(Image-caption web data)
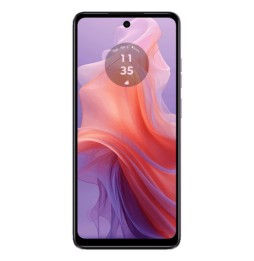 Motorola Moto E14 16,7 cm (6.56') Doppia SIM Android 14 Go edition 4G USB tipo-C 2 GB 64 GB 5000 mAh Viola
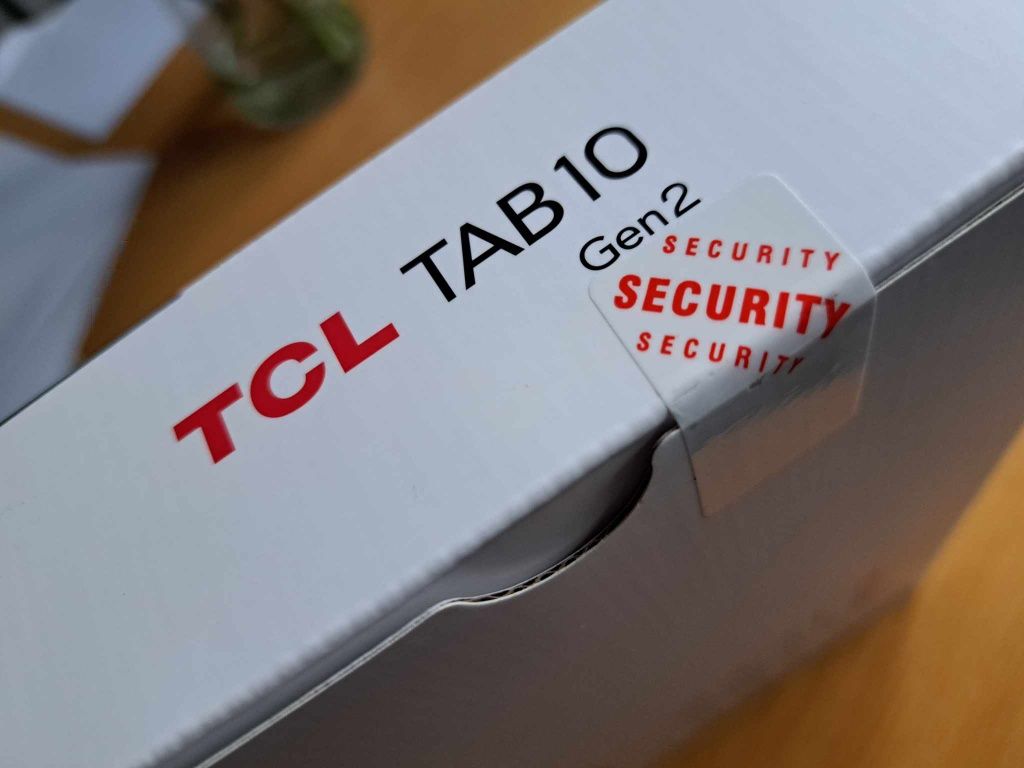 Tablet TLC TAB 10 gen 2  4/64 nowy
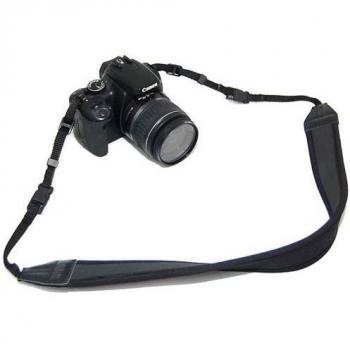 Camera Neck Guard – Neoprene Model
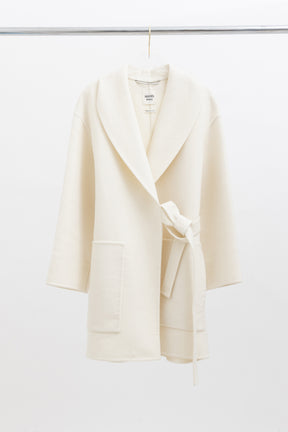 Wrap Coat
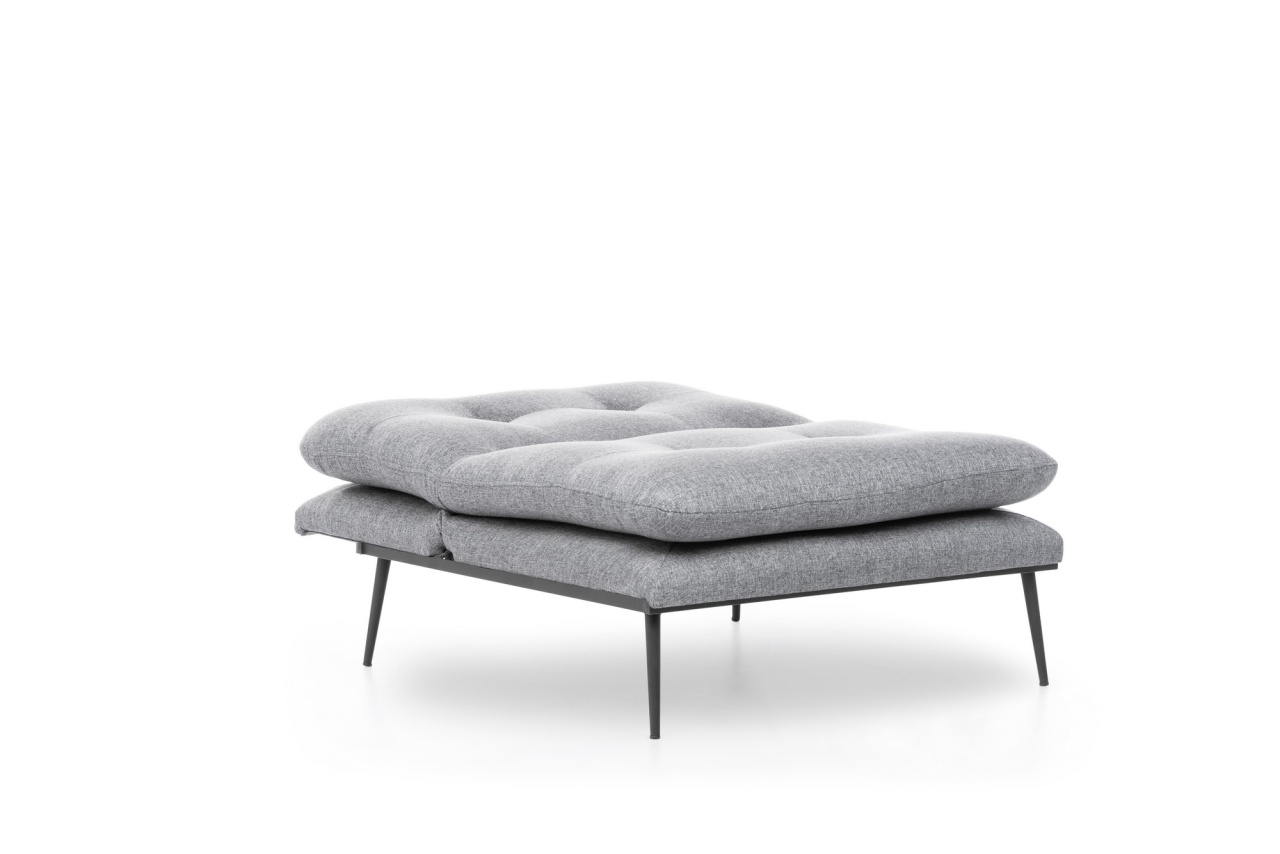 Fotoliu Martin Gri - 5 | YEO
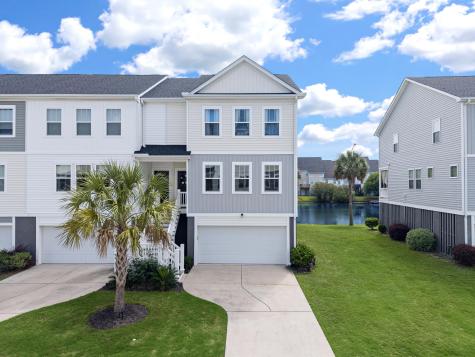 307 Lanyard Street Johns Island SC 29455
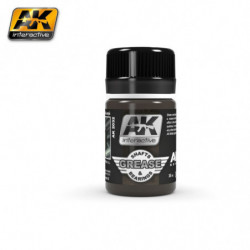 AK Shafts & Bearings Grease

Instructions to follow:
Skipping any pictures, copy the entries exactly as they appear.

Response to the task:
 Motorola Moto E14 16,7 cm (6.56') Doppia SIM Android 14 Go edition 4G USB tipo-C 2 GB 64 GB 5000 mAh Viola
 Tablet TLC TAB 10 gen 2  4/64 nowy
 Camera Neck Guard – Neoprene Model
 Wrap Coat
 Fotoliu Martin Gri - 5 | YEO
 307 Lanyard Street Johns Island SC 29455
 AK Shafts & Bearings Grease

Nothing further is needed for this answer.